--- RECORDS FOR THE EXERCISE ---

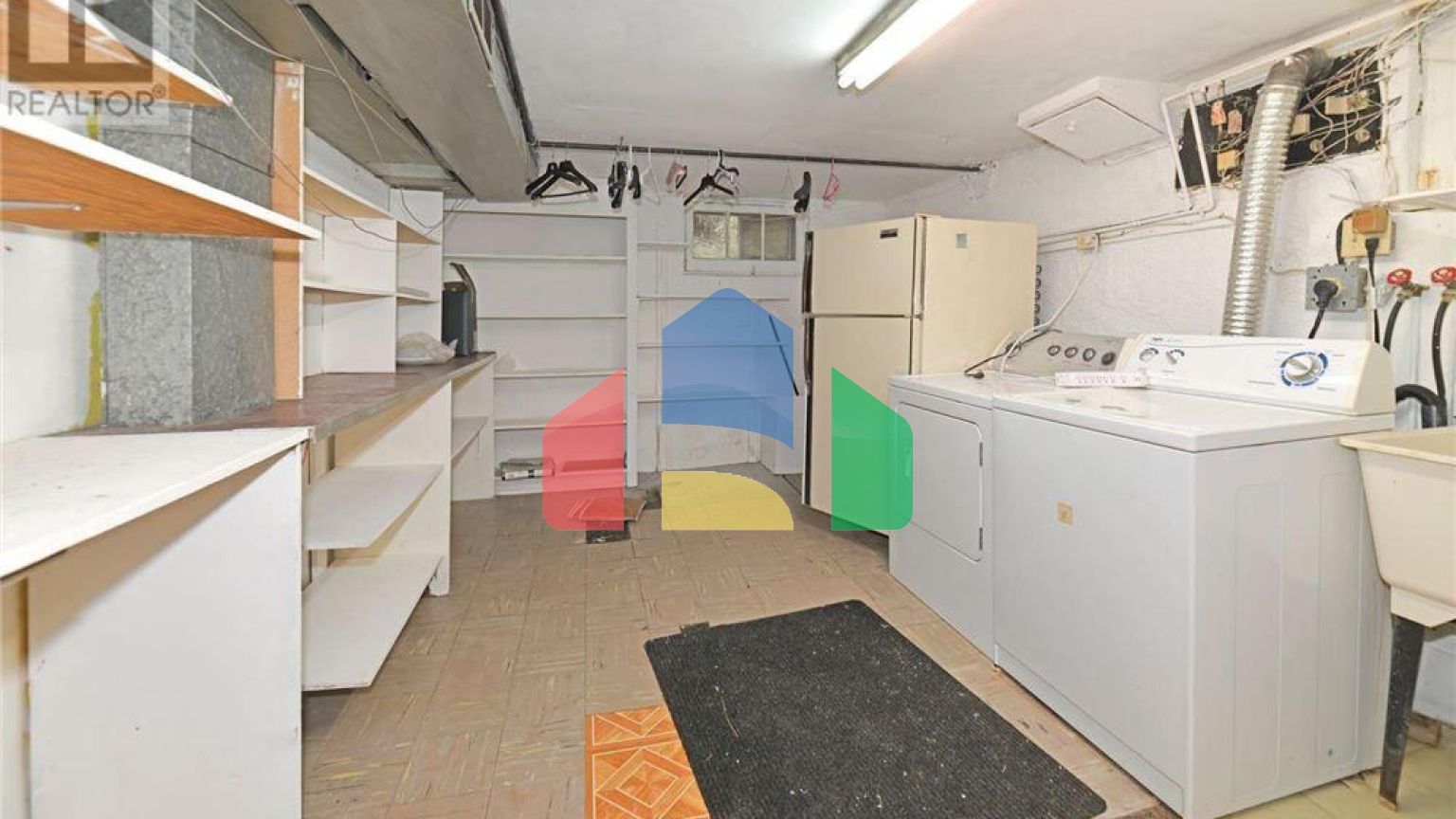 Residential - Single Family Home - Toronto, Canada - Canada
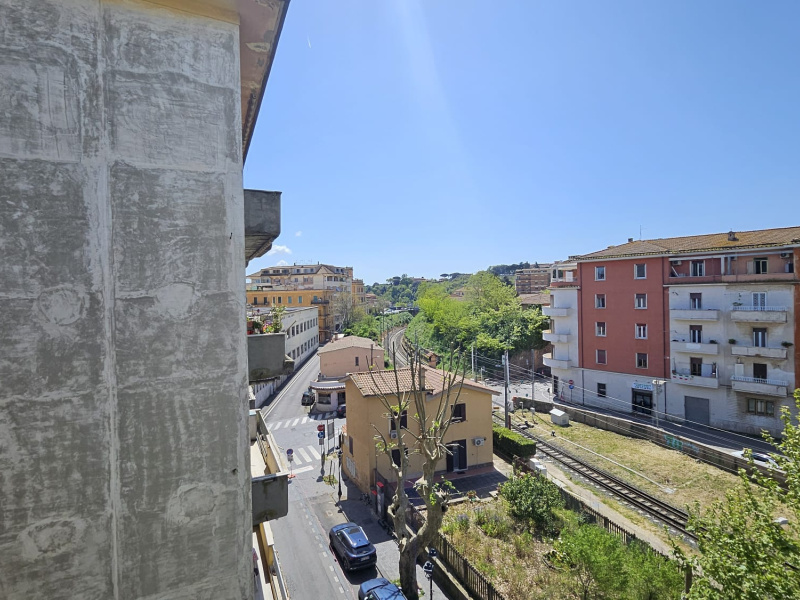 Tipologia Immobile: appartamento Provincia: roma Comune: bracciano Località: centro storico Indirizzo: Via Domenico Pedacchiola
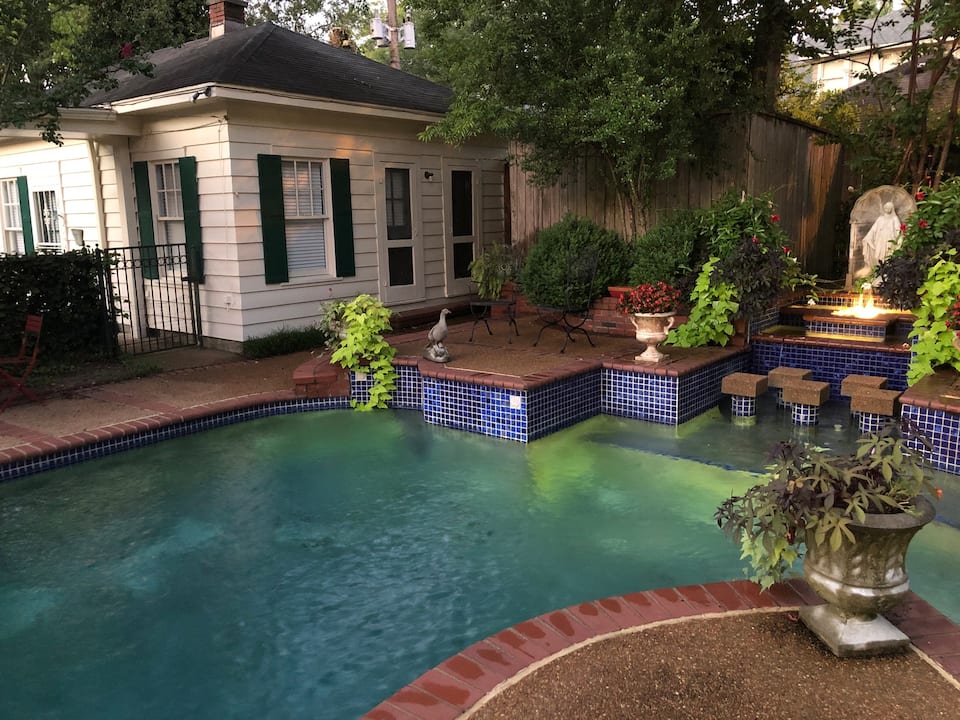 Private and Gated Charming Cottage Memphis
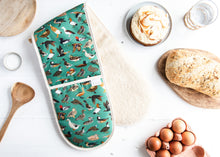 Load image into Gallery viewer, Duck Oven Glove &amp; Tea Towel Set
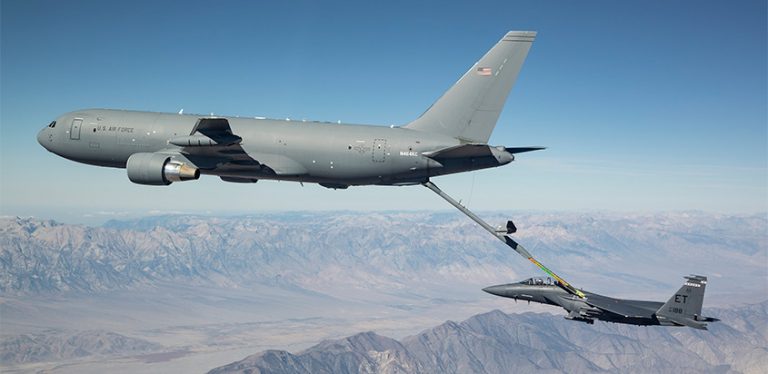Boeing KC-46 reabasteciendo combustible en vuelo.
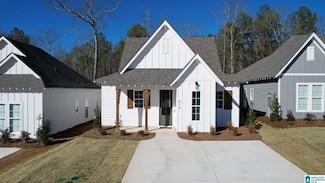 160 Shiloh Creek Dr, Calera, AL 35040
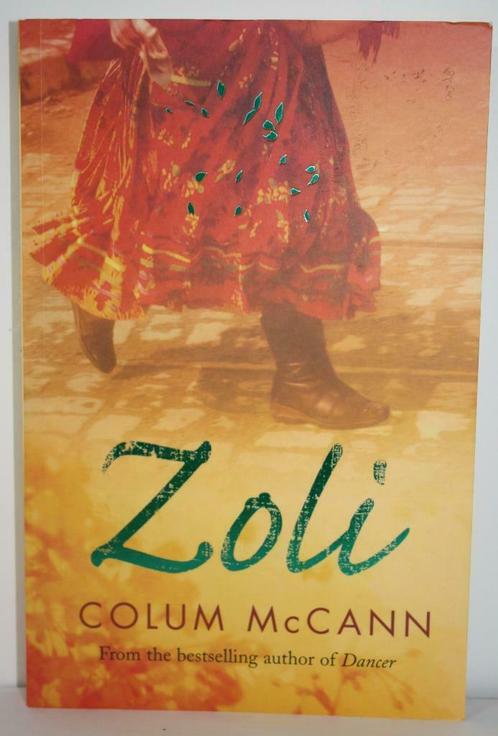 2 X Zoli, een verstoten zigeunermeisje  (1 x NL en 1 x EN), Livres, Romans, Utilisé, Europe autre, Enlèvement ou Envoi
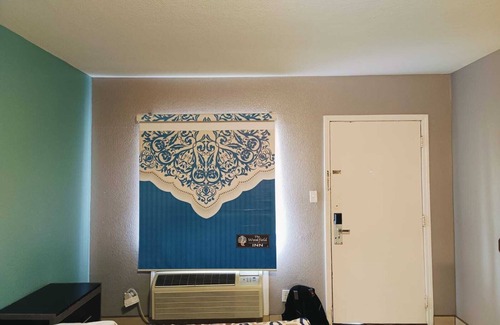 Sweet Home Hotel | Woodfield Inn & Suites Hotel O, Yoakum TX 111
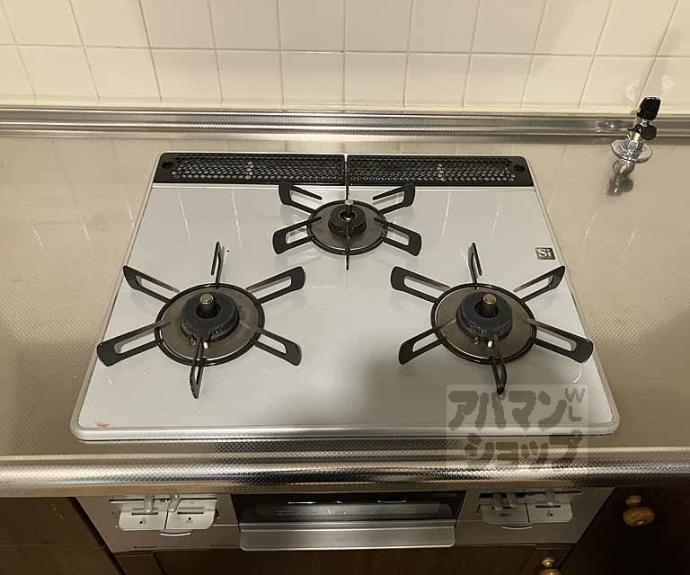 【ロイヤルコートワダ】間取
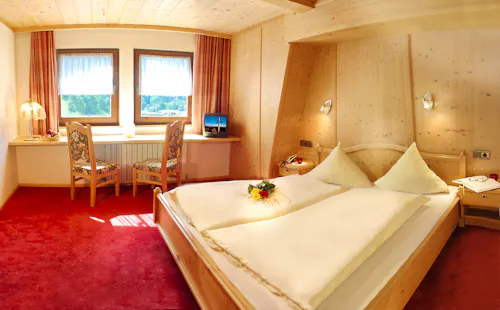 Beispielbild Standardzimmer im Eckartauerhof in Mayrhofen &ndash; &copy; Christophorus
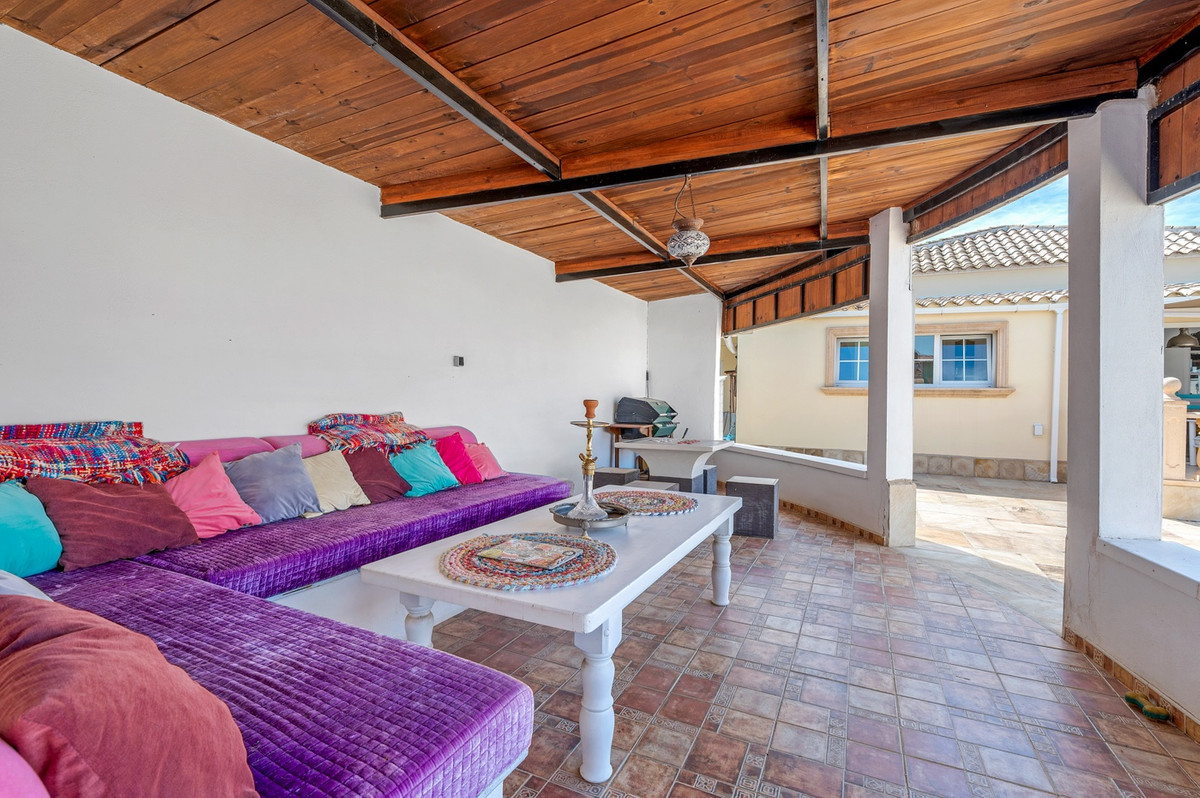 For sale - 6 Bedroom 3 Bathroom House - Finca - Cortijo in Almoradi - Almoradi Centro  - Alicante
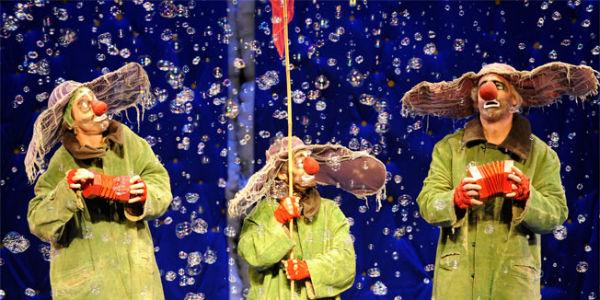 Escena de Slava's Snow Show en el Teatro Bellini en Nápoles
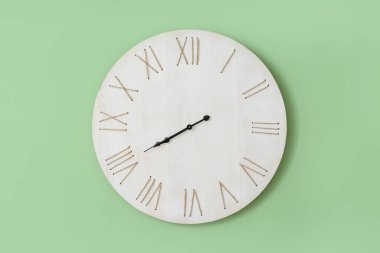 Renk duvarında asılı modern saat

---

EXERCISE BRIEF: Set down each entry above exactly as it appears. Omit the pictures.

EXERCISE OUTPUT:
 Residential - Single Family Home - Toronto, Canada - Canada
 Tipologia Immobile: appartamento Provincia: roma Comune: bracciano Località: centro storico Indirizzo: Via Domenico Pedacchiola
 Private and Gated Charming Cottage Memphis
 Load image into Gallery viewer, Duck Oven Glove &amp; Tea Towel Set
Boeing KC-46 reabasteciendo combustible en vuelo.
 160 Shiloh Creek Dr, Calera, AL 35040
 2 X Zoli, een verstoten zigeunermeisje  (1 x NL en 1 x EN), Livres, Romans, Utilisé, Europe autre, Enlèvement ou Envoi
 Sweet Home Hotel | Woodfield Inn & Suites Hotel O, Yoakum TX 111
 【ロイヤルコートワダ】間取
 Beispielbild Standardzimmer im Eckartauerhof in Mayrhofen &ndash; &copy; Christophorus
 For sale - 6 Bedroom 3 Bathroom House - Finca - Cortijo in Almoradi - Almoradi Centro  - Alicante
 Escena de Slava's Snow Show en el Teatro Bellini en Nápoles
 Renk duvarında asılı modern saat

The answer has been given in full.